§ Problem statement:
From the line that contains "eggplant-salad-on-white-plate-with-spoon" to the final line below, both included, print each line exactly and skip the pictures.

(Excerpts from a dataset)
◆ ◆ ◆ ◆
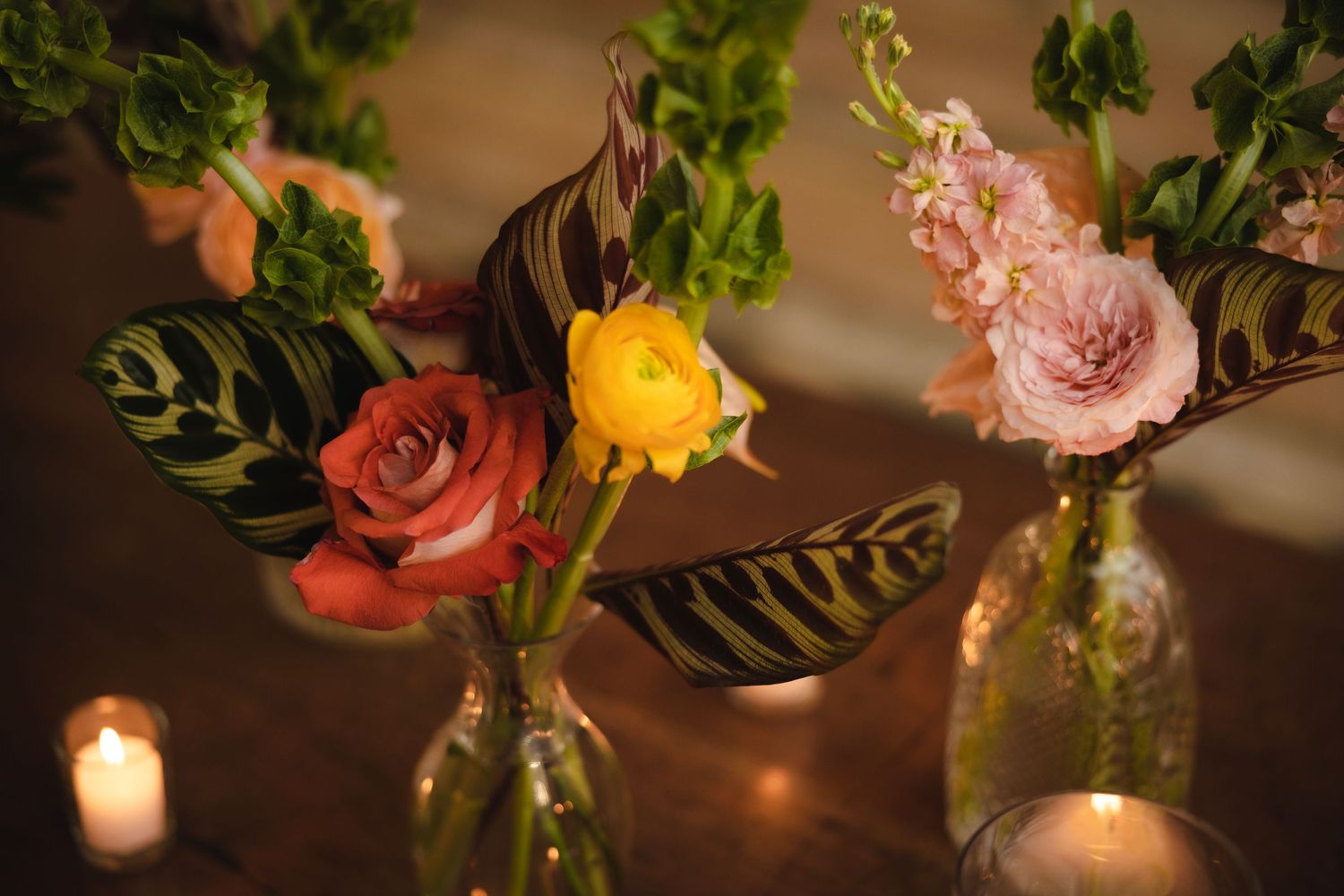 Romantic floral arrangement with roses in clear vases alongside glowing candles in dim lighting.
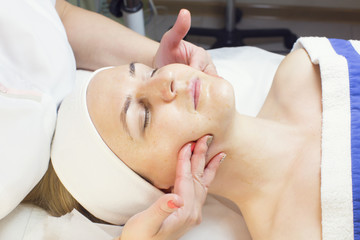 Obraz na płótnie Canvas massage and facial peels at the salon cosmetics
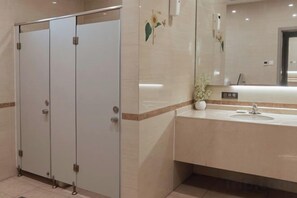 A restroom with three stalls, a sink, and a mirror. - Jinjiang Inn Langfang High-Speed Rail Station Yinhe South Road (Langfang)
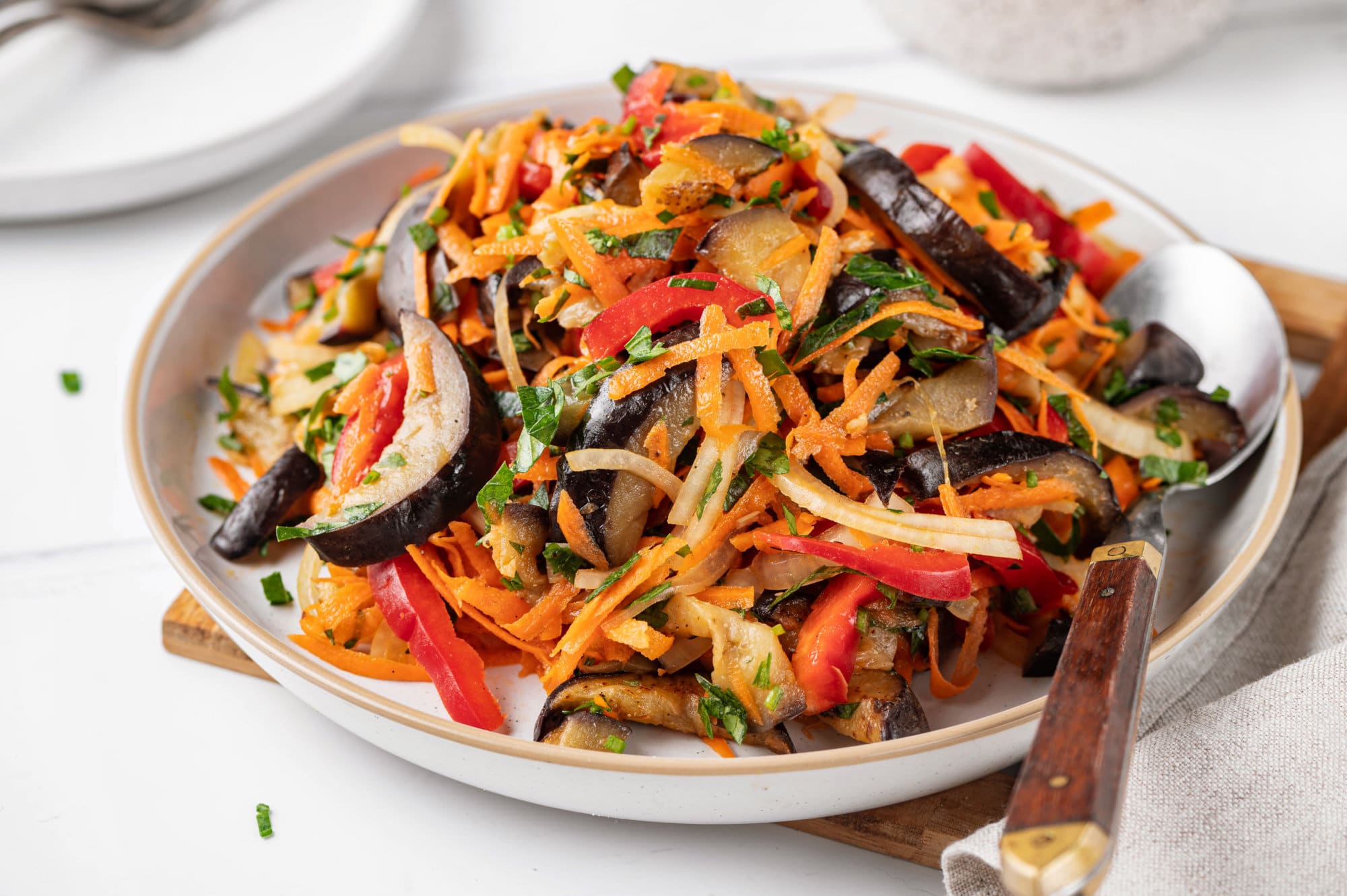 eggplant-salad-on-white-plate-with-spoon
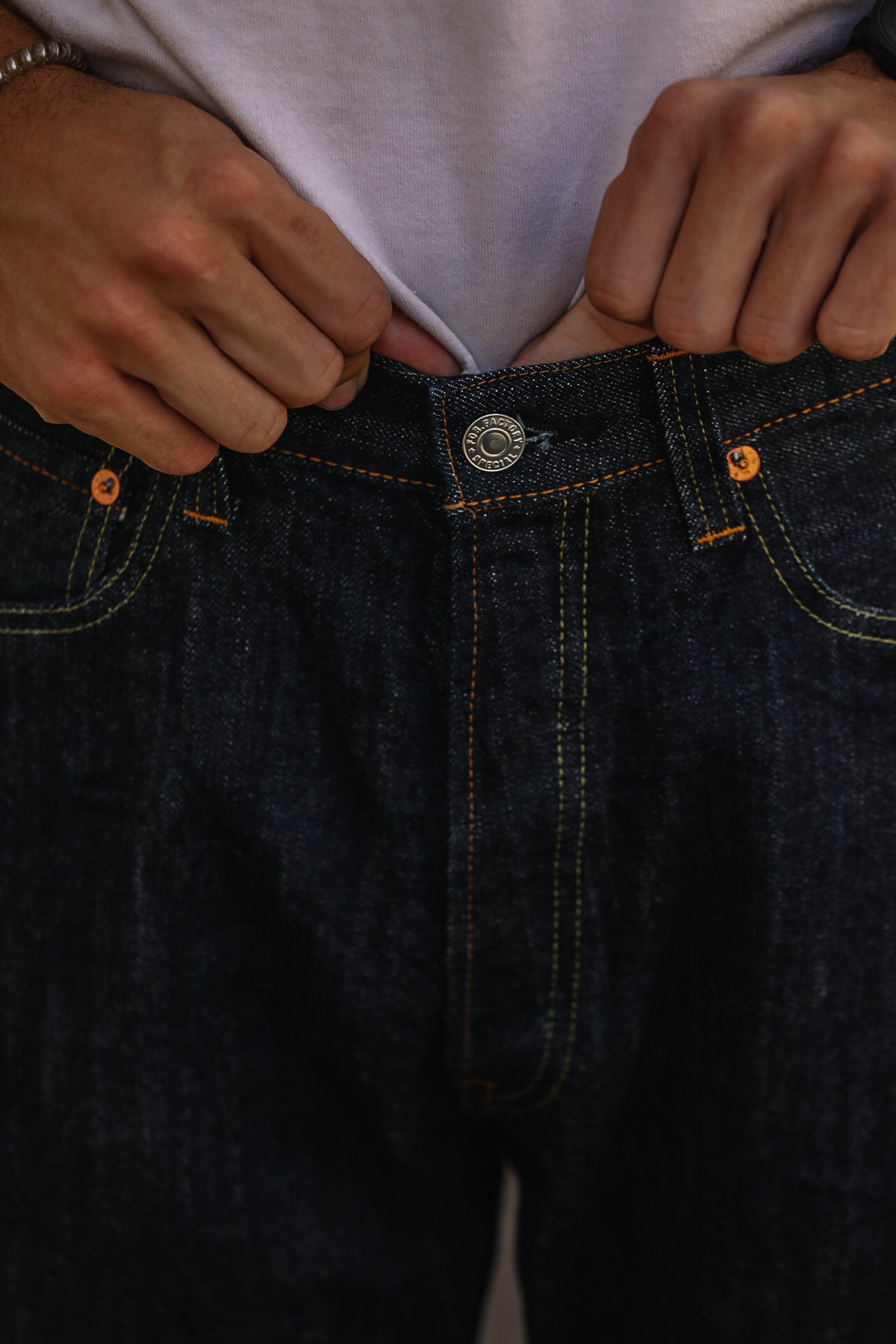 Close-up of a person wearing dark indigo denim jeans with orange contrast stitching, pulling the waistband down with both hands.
◆ ◆ ◆ ◆
§ Your solution:
 eggplant-salad-on-white-plate-with-spoon
 Close-up of a person wearing dark indigo denim jeans with orange contrast stitching, pulling the waistband down with both hands.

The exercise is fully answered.